Вот они, ее блистающие, нарядные плиты; вот молчаливо протянувшиеся проволоки, по которым спешит промчаться наше слово; вот люди и лошади, торопящиеся вырваться из этого мира пустоты, хаоса и одиночества. Горе вам, если у вас нет дома, если тело ваше иззябло или, что еще того хуже, вы внезапно ощутили жажду тепла в вашей душе, если в нее заполз змеею холод жизни: остерегитесь тогда стучаться у незнакомых подъездов, остерегитесь плакать и кричать от отчаяния. Идите и плачьте на больших дорогах. Идите в леса и топи, плачьте у рек и озер, и вы будете скорее услышаны…

Каждый раз, когда сумерки заглядывают в мои окна, я чувствую усиленную пульсацию уличной жизни. В это время из темных и сырых нор показывается порок. Таков этикет улицы. Где больше обманчивого света газа и электричества, там ходит он с нарумяненным, улыбающимся лицом. Он бездомен. Клеймо улицы у него на вороту. Его несчастие в том, что улица стала для него домом, улица, по которой ежедневно проходят десятки тысяч равнодушных ног. Его несчастие в том, что он должен притворяться не замечающим этикета улицы. Он чувствует протянутыми к себе десятки, тысяч рук и улыбается тою улыбкою поощрения, которая мне так часто казалась улыбкой всепрощения. С тоской и тревогой я слушаю этот напряженный и страстный пульс ночной жизни, и мне чудится, что это пульсирует растоптанное на каменных плитах сердце человека.

В эти часы я боюсь выходить на улицу: я, как страус, малодушно прячу свою голову под крыло. Мир становится для меня тесной тюрьмой.

И вот в эти мгновения в испуганной душе моей возникает образ зловещего призрака: губительный ужас — имя ему. Я слышу его торжествующий ход, я вижу отблеск его кровавой мантии в моем окне. Мне кажется, что сейчас отворятся двери, и кто-то властный и бессердечный, безмолвно пошлет меня в пустой мрак.

Тысячекратно блажен тот, кому не дано в удел иметь сына или дочь. Мне кажется, что в эти часы уныния лампада неверным, коварным блеском озаряет мой дом, полный малюток, их закрытые веки, их локоны, их тонкие ручки, молящие о защите.

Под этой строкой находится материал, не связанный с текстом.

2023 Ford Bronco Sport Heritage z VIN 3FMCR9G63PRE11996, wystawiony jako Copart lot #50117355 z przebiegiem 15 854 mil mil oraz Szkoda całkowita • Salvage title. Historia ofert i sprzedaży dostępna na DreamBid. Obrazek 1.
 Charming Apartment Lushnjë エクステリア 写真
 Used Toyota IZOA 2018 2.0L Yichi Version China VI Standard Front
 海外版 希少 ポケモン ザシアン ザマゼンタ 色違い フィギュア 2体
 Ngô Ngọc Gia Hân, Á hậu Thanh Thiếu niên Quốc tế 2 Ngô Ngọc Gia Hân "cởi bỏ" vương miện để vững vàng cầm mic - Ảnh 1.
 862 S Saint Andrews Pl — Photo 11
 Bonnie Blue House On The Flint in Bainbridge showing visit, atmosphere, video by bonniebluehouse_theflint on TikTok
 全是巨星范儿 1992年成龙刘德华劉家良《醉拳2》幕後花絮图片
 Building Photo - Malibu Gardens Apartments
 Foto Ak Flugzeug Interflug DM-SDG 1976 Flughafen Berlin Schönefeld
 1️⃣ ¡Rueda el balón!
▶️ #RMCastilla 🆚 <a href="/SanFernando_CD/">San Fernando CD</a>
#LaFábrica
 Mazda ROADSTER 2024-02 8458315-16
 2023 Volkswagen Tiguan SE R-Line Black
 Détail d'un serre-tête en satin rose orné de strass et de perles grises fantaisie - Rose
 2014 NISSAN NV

И я не могу ни спать, ни молиться.

Боже, я ропщу, страшно ропщу перед Твоим образом. Тяжелые сомнения ложатся мне в душу. Все, что Ты заповедал о лилиях и птицах небесных, кажется мне написанным для Золотого века. Знал ли Ты о холодных каменных пустынях, о улицах, глубоких, как колодцы?..

Зимняя вьюга ударила мне в окна мерзлыми крыльями. Далеким стоном звучат Твои колокола, о, Боже. Если восходит молитва из этих обледеневших стен до Твоего золотого чертога, то научи меня молиться. Но я боюсь, что тщетно было молиться создателям древних пирамид, если Ты в гневе Твоем положил пройти мимо народа-строителя, народа гиганта.